[Records from a dataset]

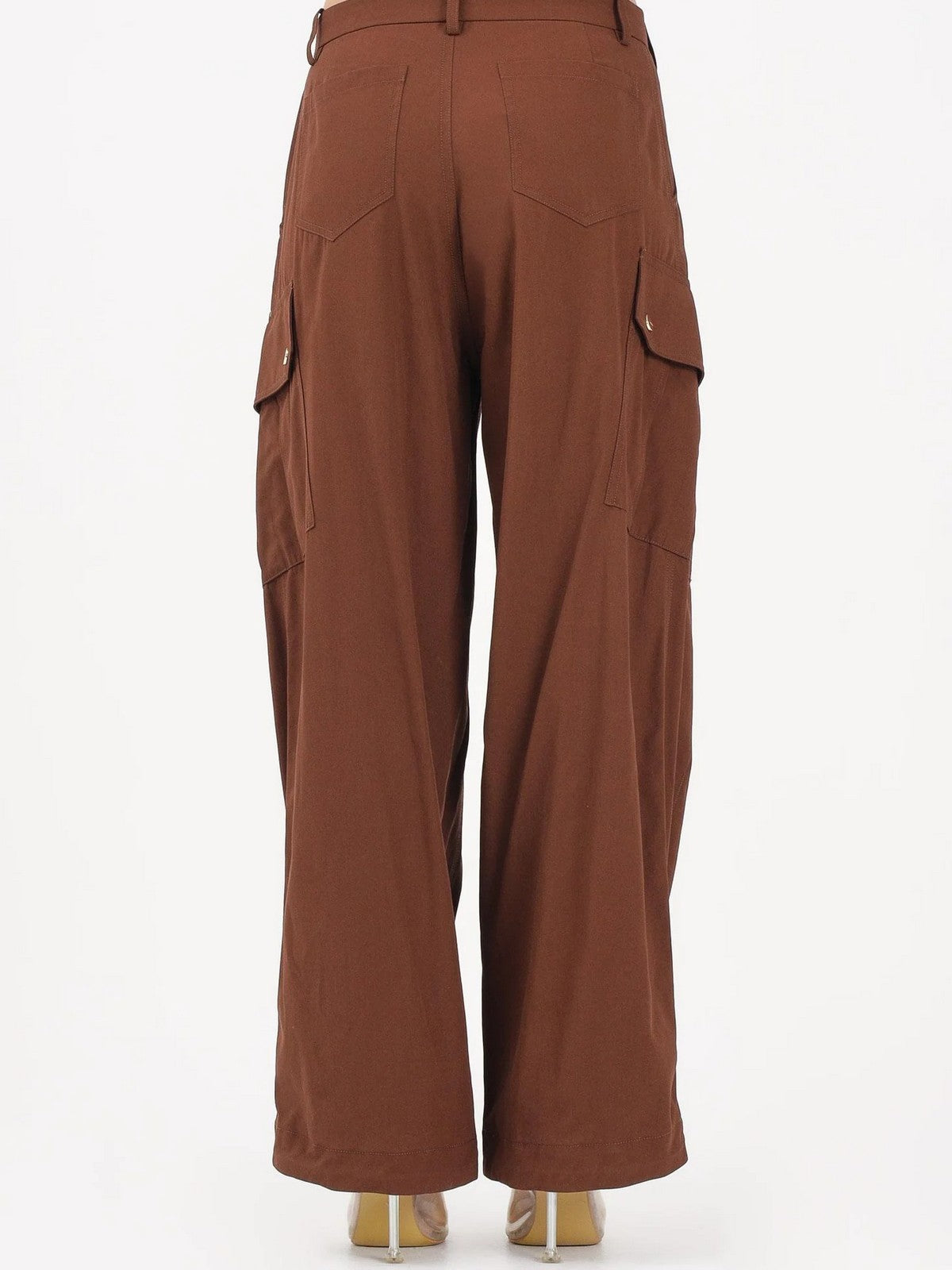 PINKO Pantalone Donna ROSALIN PANTALONE 106278-A2ER L78 MARRONE TERRA X PIANTE gioboutiqueweb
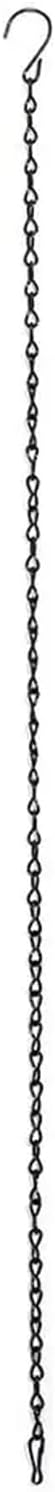 9 Pcs Hanging Chains Flower Pot Basket Bird Feeders Planters Lanterns and Ornaments Garden Plant Hanger for Planters(Black-50CM)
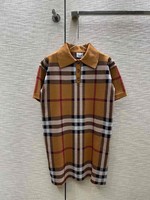 Burberry Clothing Polo T-Shirt Wool Spring/Summer Collection Short Sleeve
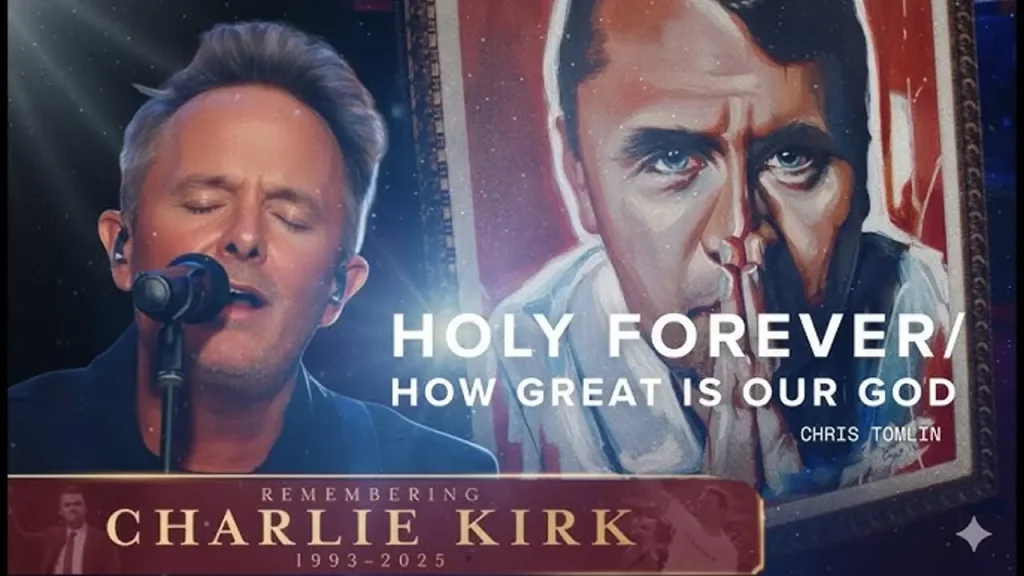 Chris Tomlin guía emotivo mensaje en el funeral de Charlie Kirk
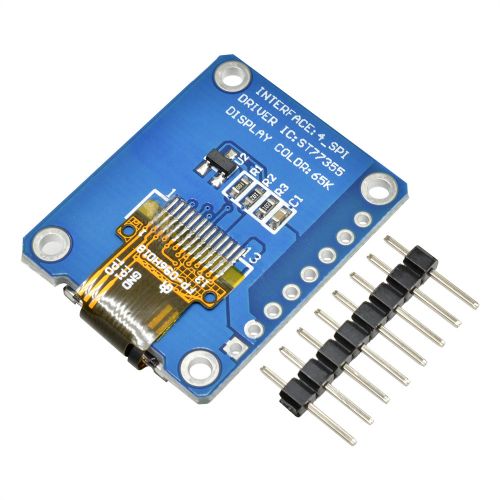 thumbnail interactive-video image 1 of 0.96 To 1.8 Inch SPI Full Color IPS LCD Display Module - TFT Screen For Arduino/Raspberry Pi 1 of 4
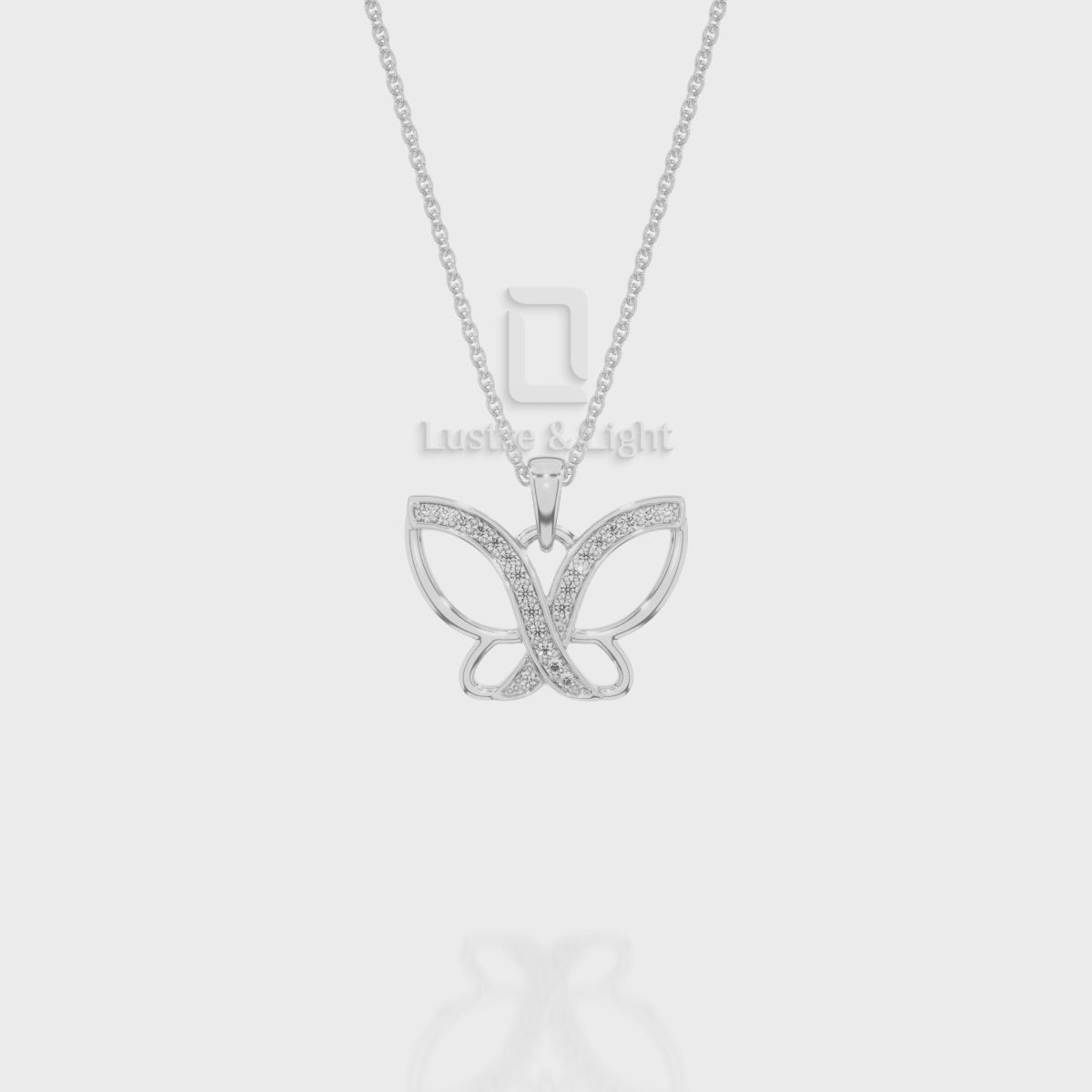 Natural Black Onyx Butterfly Pendant Necklace with 18" Chain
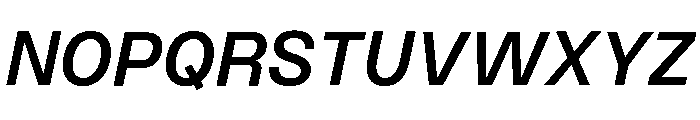 Monument Medium 2 Font UPPERCASE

ACTIVITY — Please transcribe every entry above exactly, leaving out any pictures.

SOLUTION TO THIS EXERCISE —
 PINKO Pantalone Donna ROSALIN PANTALONE 106278-A2ER L78 MARRONE TERRA X PIANTE gioboutiqueweb
 9 Pcs Hanging Chains Flower Pot Basket Bird Feeders Planters Lanterns and Ornaments Garden Plant Hanger for Planters(Black-50CM)
 Burberry Clothing Polo T-Shirt Wool Spring/Summer Collection Short Sleeve
 Chris Tomlin guía emotivo mensaje en el funeral de Charlie Kirk
 thumbnail interactive-video image 1 of 0.96 To 1.8 Inch SPI Full Color IPS LCD Display Module - TFT Screen For Arduino/Raspberry Pi 1 of 4
 Natural Black Onyx Butterfly Pendant Necklace with 18" Chain
 Monument Medium 2 Font UPPERCASE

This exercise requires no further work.